**Action item:**
Set the material down again exactly, line by line, skipping each picture.

**Supplied data:**
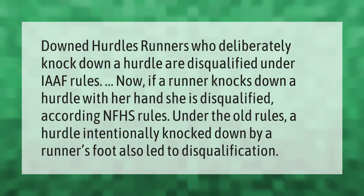Runners who deliberately knock down a hurdle are disqualified under IAAF rules. If a runner knocks down a hurdle with her hand, she is disqualified according to NFHS rules. Under the old rules, a hurdle intentionally knocked down by a runner's foot also led to disqualification.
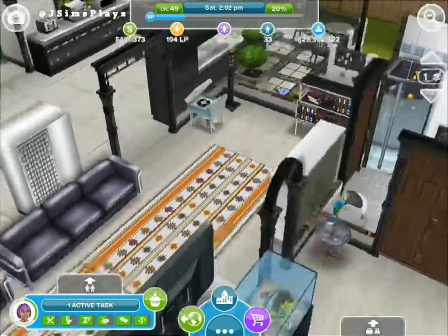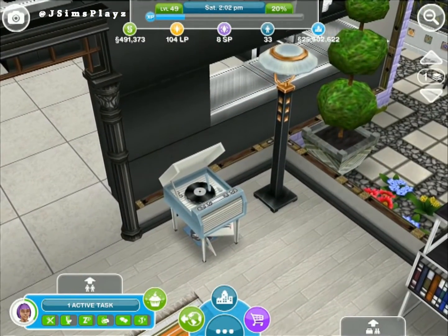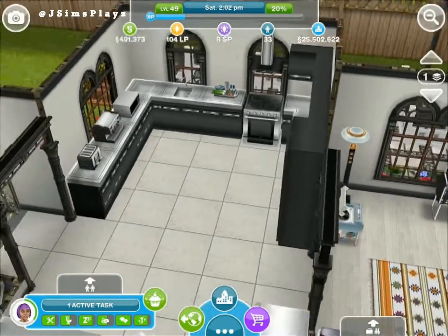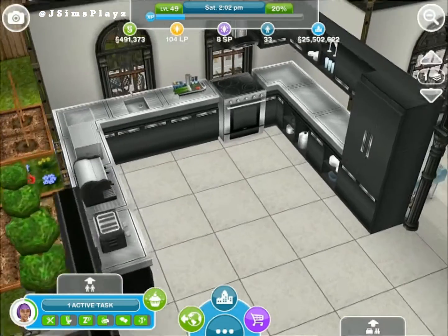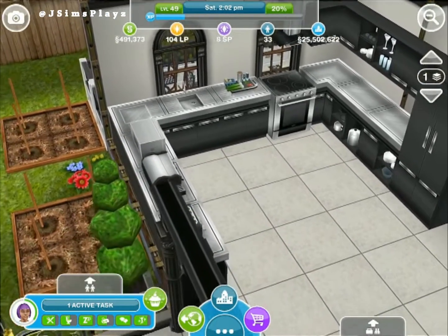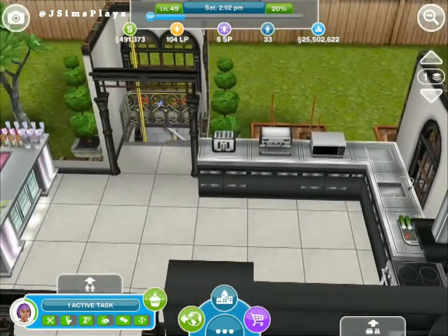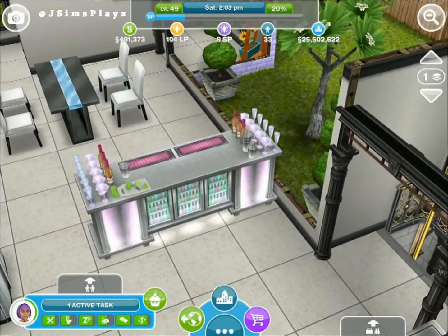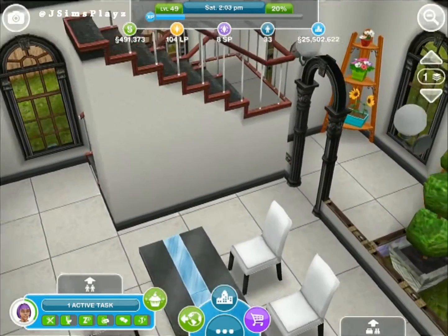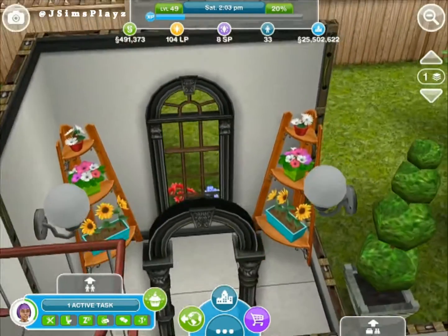Also we've got this sort of retro record player which I don't actually think I even have access to. Anyway, we've got this kitchen - it's a similar kitchen that comes with the Beachside Escape I think it is - and the bar as well and some chairs, and of course some plants that came with the balcony or patio one.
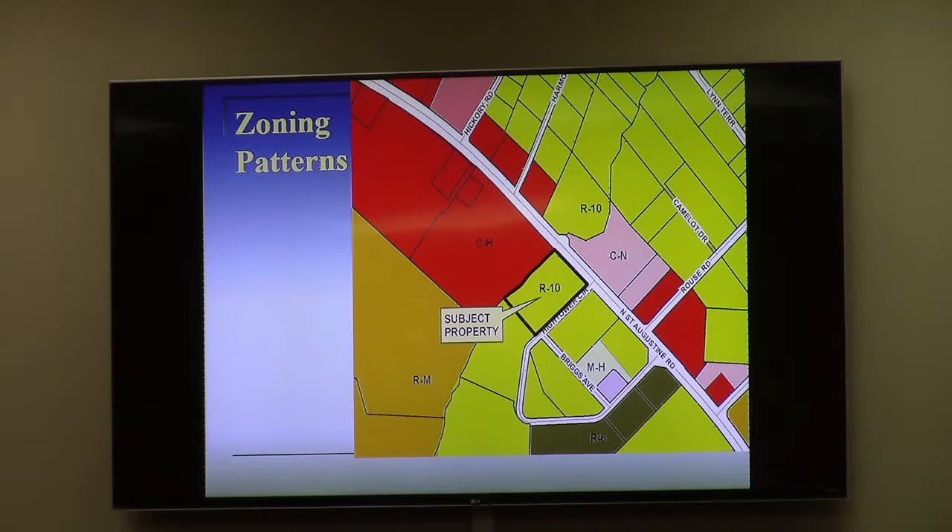Any questions for staff? One commissioner asked why not go to CH given it sits right next to CH zoning. Staff responded: it's speculative at this point, and Hightower Creek is often viewed as the dividing line for the more intensive area associated with the mall. Even with CH zoning across the creek, that area is not seeing CH usage — it's CC usage. Like many commercial areas, they are over-zoned. CH is certainly not necessary, but C-N is already established across the street with similar commercial use, so that's a reasonable starting point.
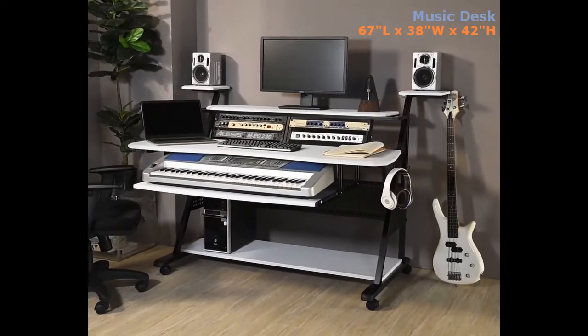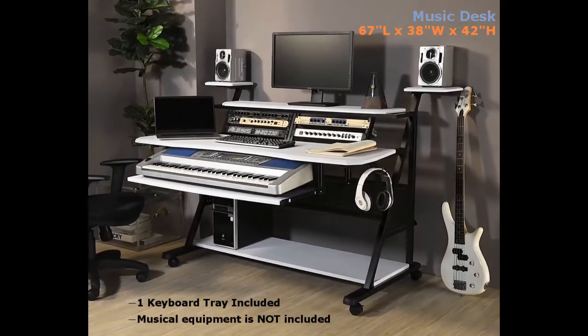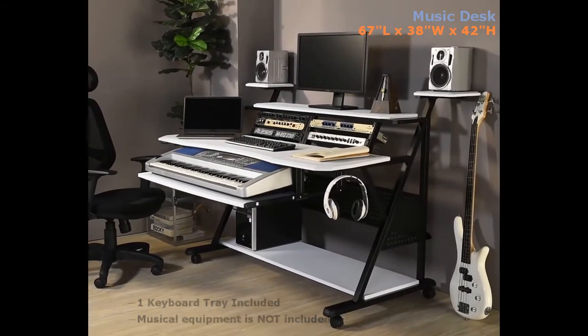This music desk has all the amenities that you are seeking to become the industry's next musical genius. Featuring two speaker mounts and headphone hooks that will ensure they are always within arm's reach.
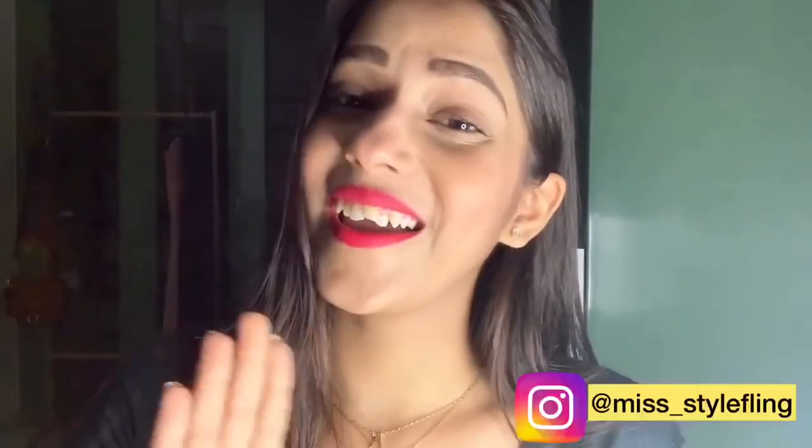That's it for the video, guys. I really hope you liked it and enjoyed it. Do let me know in the comments below what your views and opinions are about the look. Don't forget to subscribe to my channel, like, comment, and share it with your friends. Bye, I'll see you soon in my next video!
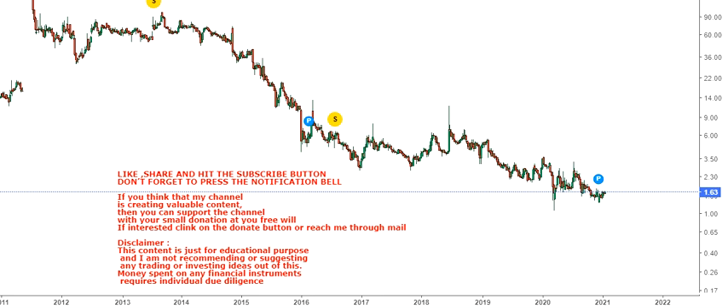Hello friends, welcome to my channel and thanks for watching this video. In this video we are going to discuss about the long-term chart of Caladrius Biosciences Incorporation.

**Your response:**
Runners who deliberately knock down a hurdle are disqualified under IAAF rules. If a runner knocks down a hurdle with her hand, she is disqualified according to NFHS rules. Under the old rules, a hurdle intentionally knocked down by a runner's foot also led to disqualification.
Also we've got this sort of retro record player which I don't actually think I even have access to. Anyway, we've got this kitchen - it's a similar kitchen that comes with the Beachside Escape I think it is - and the bar as well and some chairs, and of course some plants that came with the balcony or patio one.
Any questions for staff? One commissioner asked why not go to CH given it sits right next to CH zoning. Staff responded: it's speculative at this point, and Hightower Creek is often viewed as the dividing line for the more intensive area associated with the mall. Even with CH zoning across the creek, that area is not seeing CH usage — it's CC usage. Like many commercial areas, they are over-zoned. CH is certainly not necessary, but C-N is already established across the street with similar commercial use, so that's a reasonable starting point.
This music desk has all the amenities that you are seeking to become the industry's next musical genius. Featuring two speaker mounts and headphone hooks that will ensure they are always within arm's reach.
That's it for the video, guys. I really hope you liked it and enjoyed it. Do let me know in the comments below what your views and opinions are about the look. Don't forget to subscribe to my channel, like, comment, and share it with your friends. Bye, I'll see you soon in my next video!
Hello friends, welcome to my channel and thanks for watching this video. In this video we are going to discuss about the long-term chart of Caladrius Biosciences Incorporation.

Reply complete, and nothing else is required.